### [About this exercise]
Each line below that includes the word "with" is to be reported.

____ Provided records

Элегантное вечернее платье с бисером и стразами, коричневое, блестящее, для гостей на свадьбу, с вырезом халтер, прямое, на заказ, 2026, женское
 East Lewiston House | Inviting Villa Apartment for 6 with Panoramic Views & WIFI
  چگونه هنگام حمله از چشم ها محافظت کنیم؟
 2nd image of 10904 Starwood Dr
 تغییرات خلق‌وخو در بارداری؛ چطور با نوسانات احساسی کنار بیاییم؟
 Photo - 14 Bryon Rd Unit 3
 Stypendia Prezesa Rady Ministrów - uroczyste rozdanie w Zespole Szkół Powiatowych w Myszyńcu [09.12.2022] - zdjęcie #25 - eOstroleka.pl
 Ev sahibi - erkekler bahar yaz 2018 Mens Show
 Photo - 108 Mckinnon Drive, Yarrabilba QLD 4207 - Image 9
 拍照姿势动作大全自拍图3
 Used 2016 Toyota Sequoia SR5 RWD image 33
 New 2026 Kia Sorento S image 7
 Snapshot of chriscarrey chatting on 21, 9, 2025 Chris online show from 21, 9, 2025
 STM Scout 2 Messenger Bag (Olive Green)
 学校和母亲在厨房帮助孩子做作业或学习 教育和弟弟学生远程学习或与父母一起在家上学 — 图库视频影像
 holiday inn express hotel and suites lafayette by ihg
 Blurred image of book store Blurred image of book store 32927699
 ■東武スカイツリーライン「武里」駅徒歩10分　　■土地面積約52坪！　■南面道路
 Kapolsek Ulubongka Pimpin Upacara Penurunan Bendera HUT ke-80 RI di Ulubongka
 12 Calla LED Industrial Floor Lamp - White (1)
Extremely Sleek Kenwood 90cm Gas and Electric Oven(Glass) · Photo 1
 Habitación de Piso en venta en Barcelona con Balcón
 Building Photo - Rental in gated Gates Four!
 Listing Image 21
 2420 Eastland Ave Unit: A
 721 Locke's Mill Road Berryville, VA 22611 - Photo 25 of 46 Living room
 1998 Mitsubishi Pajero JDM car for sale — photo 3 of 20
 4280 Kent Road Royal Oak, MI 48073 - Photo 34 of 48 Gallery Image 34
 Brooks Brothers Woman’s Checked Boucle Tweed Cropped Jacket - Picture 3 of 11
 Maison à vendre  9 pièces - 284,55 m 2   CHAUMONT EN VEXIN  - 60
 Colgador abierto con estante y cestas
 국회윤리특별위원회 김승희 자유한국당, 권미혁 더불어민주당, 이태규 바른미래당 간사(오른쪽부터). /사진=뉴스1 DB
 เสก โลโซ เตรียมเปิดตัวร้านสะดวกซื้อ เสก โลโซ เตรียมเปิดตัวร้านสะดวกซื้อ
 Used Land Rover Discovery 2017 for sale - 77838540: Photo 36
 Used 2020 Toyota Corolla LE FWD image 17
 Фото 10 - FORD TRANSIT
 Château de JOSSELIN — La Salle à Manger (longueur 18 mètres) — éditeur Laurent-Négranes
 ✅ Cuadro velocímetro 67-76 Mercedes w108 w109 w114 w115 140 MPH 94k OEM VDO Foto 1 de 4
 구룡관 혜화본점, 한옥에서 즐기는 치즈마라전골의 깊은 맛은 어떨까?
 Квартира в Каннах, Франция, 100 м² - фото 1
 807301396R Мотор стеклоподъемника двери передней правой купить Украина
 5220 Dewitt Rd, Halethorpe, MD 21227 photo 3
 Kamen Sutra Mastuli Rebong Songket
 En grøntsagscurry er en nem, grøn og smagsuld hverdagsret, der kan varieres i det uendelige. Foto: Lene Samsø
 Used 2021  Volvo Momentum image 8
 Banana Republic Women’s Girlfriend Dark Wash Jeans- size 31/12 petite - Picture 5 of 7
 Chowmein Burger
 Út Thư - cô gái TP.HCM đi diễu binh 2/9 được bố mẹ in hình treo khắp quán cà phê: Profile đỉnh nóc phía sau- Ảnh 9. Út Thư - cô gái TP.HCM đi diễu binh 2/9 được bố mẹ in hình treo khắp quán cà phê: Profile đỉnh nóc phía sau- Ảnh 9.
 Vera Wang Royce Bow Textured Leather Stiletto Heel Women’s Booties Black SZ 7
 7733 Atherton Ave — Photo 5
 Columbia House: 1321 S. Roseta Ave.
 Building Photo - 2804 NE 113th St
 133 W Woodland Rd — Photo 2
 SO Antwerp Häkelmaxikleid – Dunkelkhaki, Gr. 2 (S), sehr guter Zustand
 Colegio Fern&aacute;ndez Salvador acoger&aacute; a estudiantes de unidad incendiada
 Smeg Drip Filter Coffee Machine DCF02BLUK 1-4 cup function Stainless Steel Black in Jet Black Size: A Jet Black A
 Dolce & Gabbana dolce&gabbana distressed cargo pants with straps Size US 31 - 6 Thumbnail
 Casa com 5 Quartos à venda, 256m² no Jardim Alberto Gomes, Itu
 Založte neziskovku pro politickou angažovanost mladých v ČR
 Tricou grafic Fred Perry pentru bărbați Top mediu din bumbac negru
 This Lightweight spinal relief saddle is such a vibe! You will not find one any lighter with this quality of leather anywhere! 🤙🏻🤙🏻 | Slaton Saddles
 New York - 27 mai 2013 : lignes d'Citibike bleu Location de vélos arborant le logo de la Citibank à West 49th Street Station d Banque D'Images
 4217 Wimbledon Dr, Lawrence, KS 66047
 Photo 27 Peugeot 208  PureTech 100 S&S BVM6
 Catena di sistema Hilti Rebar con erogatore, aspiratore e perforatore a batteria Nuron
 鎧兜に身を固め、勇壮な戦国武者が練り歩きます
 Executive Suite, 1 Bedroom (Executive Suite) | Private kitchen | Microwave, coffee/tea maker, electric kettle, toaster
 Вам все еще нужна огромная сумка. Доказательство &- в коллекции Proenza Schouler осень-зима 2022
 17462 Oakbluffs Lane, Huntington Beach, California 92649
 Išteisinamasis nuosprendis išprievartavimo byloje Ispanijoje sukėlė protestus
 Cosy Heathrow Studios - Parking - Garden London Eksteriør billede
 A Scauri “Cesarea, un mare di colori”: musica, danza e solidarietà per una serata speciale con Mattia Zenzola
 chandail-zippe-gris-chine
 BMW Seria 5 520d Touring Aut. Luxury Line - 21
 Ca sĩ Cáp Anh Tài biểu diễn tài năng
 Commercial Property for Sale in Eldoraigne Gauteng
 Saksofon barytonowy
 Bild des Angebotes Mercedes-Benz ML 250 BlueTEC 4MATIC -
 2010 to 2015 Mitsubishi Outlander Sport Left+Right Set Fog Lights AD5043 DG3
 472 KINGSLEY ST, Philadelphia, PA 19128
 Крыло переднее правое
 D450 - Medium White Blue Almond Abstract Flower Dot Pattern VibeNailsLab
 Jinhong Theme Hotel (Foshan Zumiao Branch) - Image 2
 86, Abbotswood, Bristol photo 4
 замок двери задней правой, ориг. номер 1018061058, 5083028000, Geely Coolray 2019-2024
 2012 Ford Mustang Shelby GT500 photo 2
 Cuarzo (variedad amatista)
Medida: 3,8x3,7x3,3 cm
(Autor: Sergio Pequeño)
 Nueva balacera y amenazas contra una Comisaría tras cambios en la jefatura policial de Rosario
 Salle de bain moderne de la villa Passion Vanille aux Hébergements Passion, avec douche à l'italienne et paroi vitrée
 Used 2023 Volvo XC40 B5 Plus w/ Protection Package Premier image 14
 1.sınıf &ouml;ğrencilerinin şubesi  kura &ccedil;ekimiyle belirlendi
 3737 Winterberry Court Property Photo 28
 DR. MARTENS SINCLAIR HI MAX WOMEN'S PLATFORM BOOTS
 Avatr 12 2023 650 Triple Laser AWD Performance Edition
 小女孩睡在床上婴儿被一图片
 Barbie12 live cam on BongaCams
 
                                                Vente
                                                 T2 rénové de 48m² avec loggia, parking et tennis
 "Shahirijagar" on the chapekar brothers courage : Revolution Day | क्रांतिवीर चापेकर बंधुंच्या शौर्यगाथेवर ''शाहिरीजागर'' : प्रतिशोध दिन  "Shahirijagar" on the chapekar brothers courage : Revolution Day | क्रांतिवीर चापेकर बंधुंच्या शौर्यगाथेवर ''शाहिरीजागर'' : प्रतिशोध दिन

________

### [Task solution]
 East Lewiston House | Inviting Villa Apartment for 6 with Panoramic Views & WIFI
 Dolce & Gabbana dolce&gabbana distressed cargo pants with straps Size US 31 - 6 Thumbnail
 This Lightweight spinal relief saddle is such a vibe! You will not find one any lighter with this quality of leather anywhere! 🤙🏻🤙🏻 | Slaton Saddles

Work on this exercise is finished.